▶ _Supplied records_:
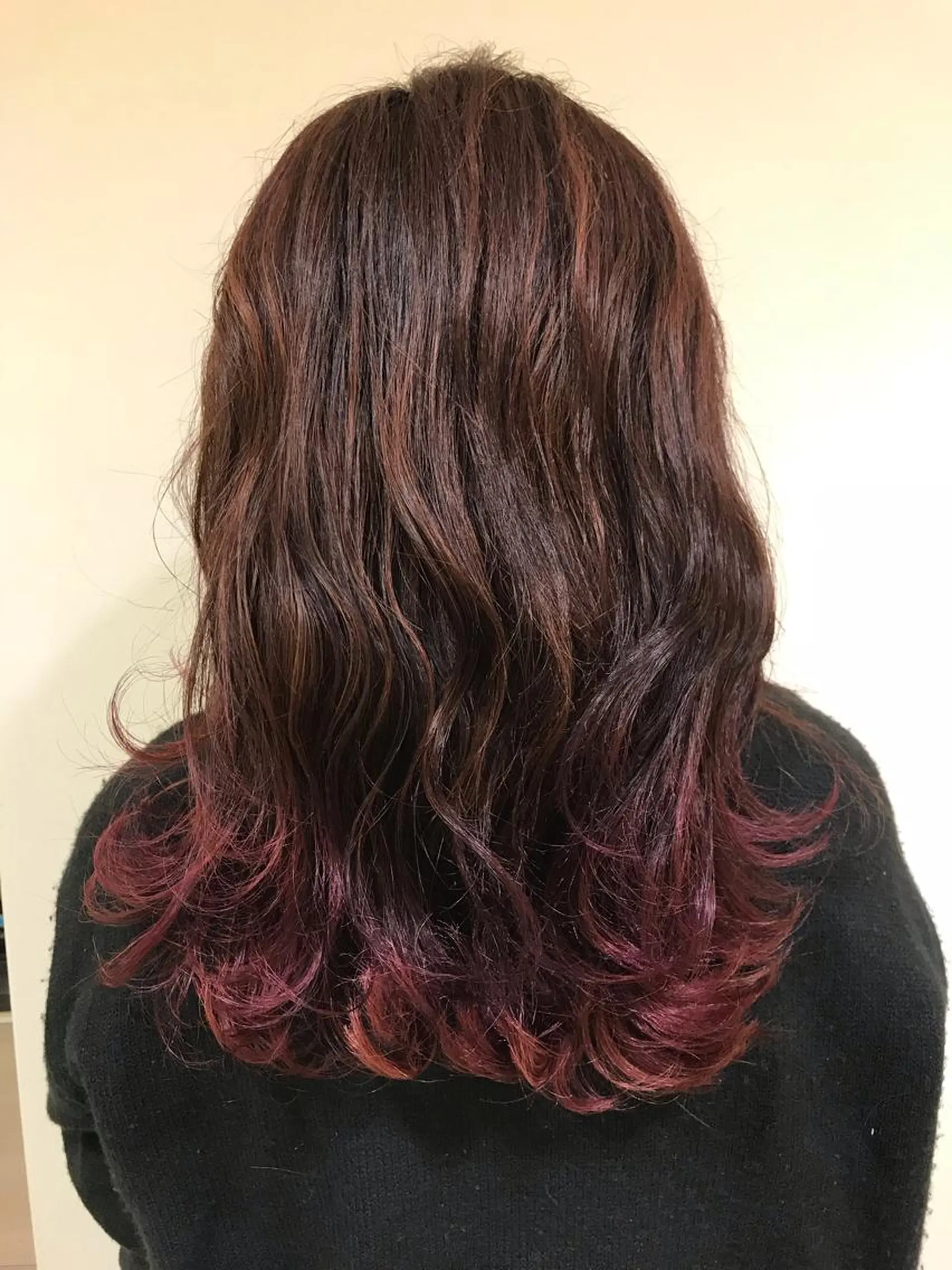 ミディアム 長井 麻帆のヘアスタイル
* * *
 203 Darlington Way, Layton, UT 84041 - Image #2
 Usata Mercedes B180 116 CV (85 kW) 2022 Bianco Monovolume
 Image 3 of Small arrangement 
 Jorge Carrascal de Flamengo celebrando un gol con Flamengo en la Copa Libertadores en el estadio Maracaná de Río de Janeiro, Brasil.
---
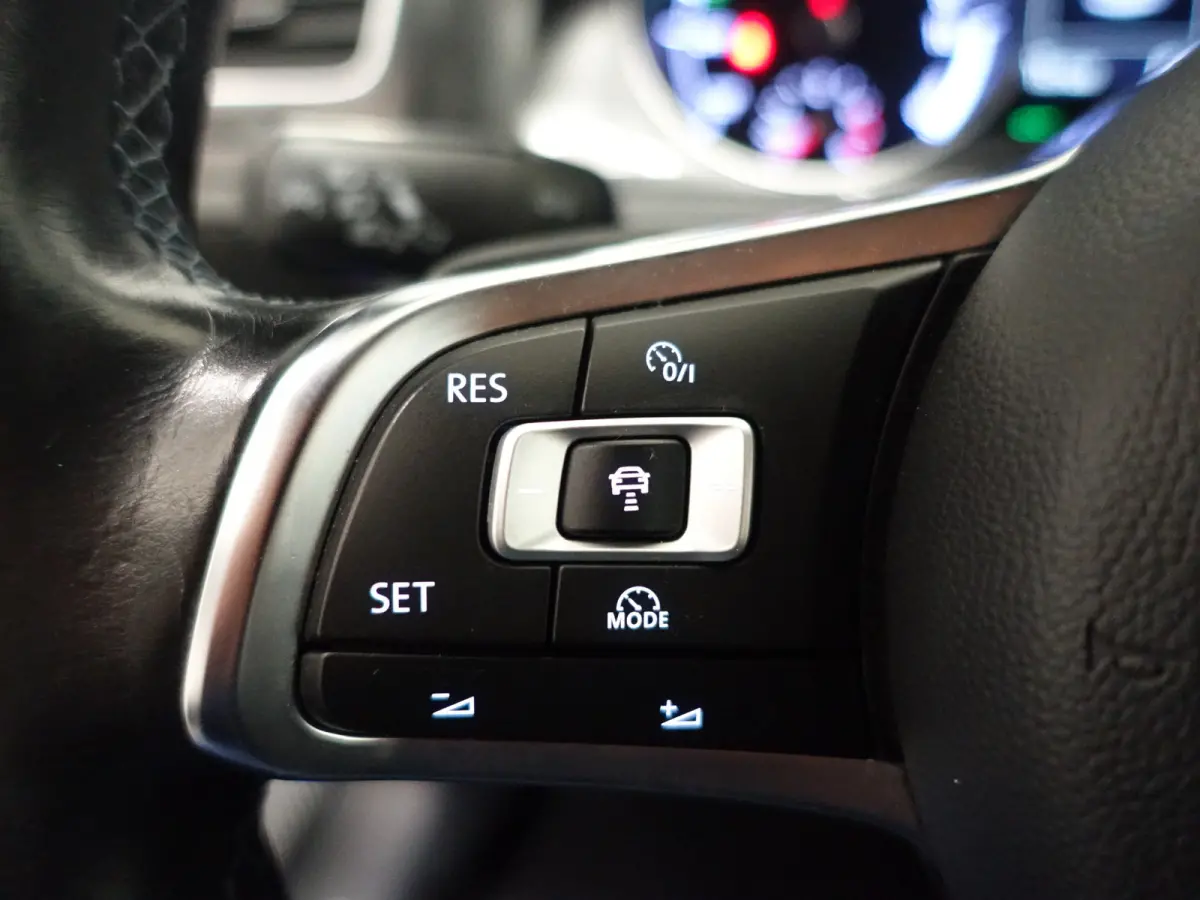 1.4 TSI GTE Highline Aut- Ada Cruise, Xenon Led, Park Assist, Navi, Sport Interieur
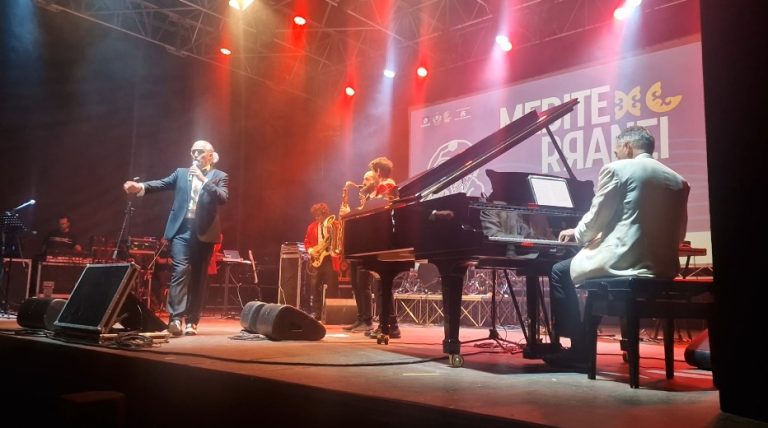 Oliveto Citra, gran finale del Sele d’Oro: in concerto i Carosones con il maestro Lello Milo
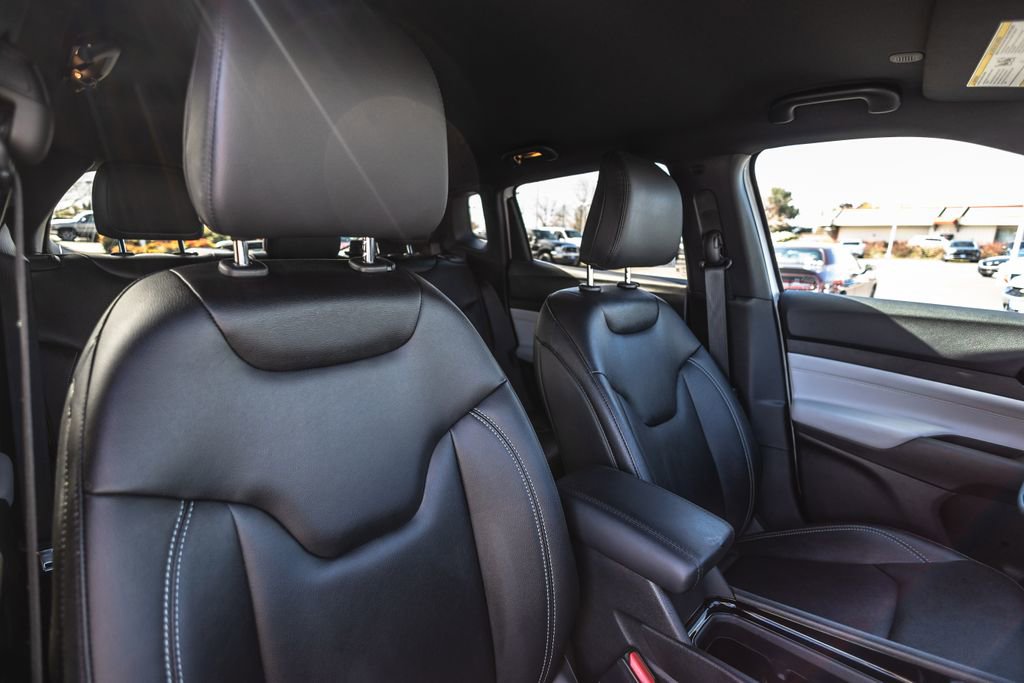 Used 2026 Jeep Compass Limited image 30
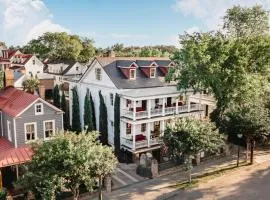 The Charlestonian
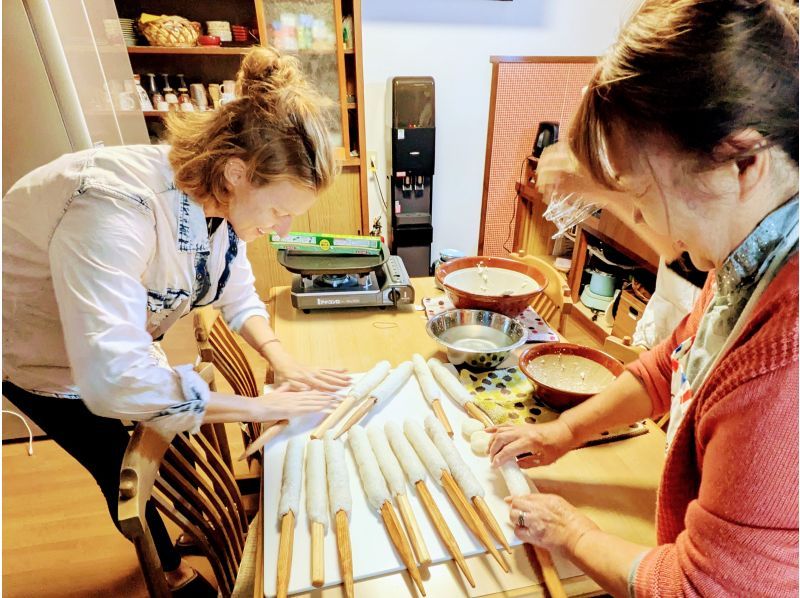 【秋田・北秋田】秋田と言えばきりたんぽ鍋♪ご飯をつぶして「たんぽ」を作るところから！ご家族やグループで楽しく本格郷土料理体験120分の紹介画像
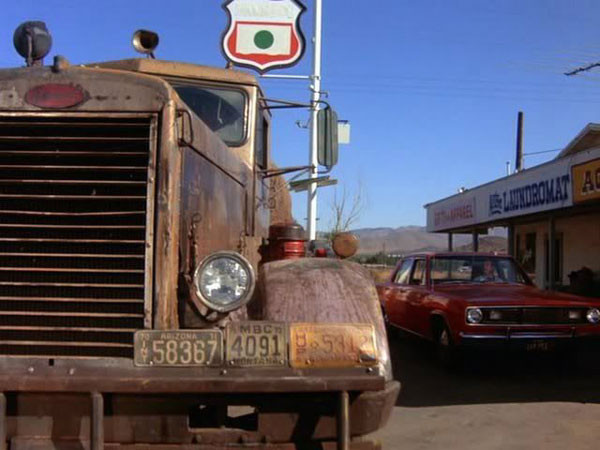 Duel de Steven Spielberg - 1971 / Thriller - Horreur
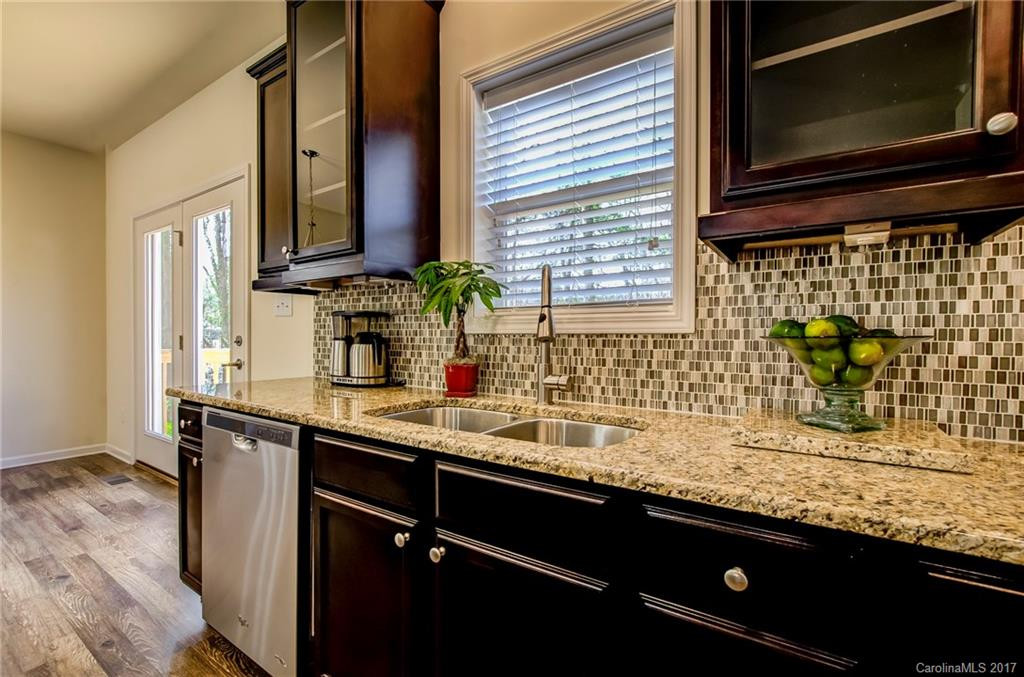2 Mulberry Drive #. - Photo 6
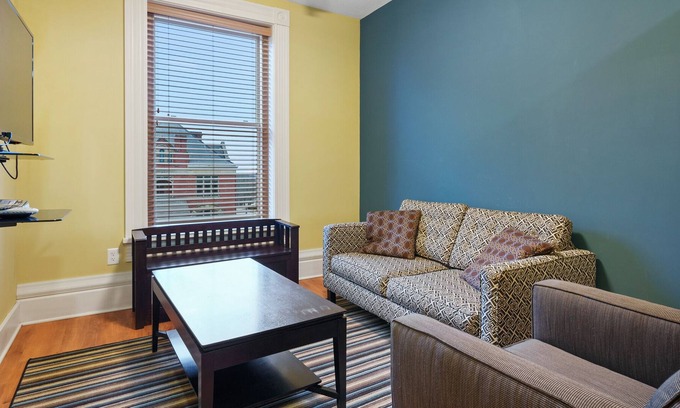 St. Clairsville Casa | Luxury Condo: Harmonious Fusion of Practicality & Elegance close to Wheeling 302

▶ _Your instructions_:
Using the data above, retype exactly and only the lines from the one containing "1.4 TSI GTE" up to and including the one containing "St. Clairsville Casa", with no pictures carried over.

▶ _Solution to this exercise_:
 1.4 TSI GTE Highline Aut- Ada Cruise, Xenon Led, Park Assist, Navi, Sport Interieur
 Oliveto Citra, gran finale del Sele d’Oro: in concerto i Carosones con il maestro Lello Milo
 Used 2026 Jeep Compass Limited image 30
 The Charlestonian
 【秋田・北秋田】秋田と言えばきりたんぽ鍋♪ご飯をつぶして「たんぽ」を作るところから！ご家族やグループで楽しく本格郷土料理体験120分の紹介画像
 Duel de Steven Spielberg - 1971 / Thriller - Horreur
2 Mulberry Drive #. - Photo 6
 St. Clairsville Casa | Luxury Condo: Harmonious Fusion of Practicality & Elegance close to Wheeling 302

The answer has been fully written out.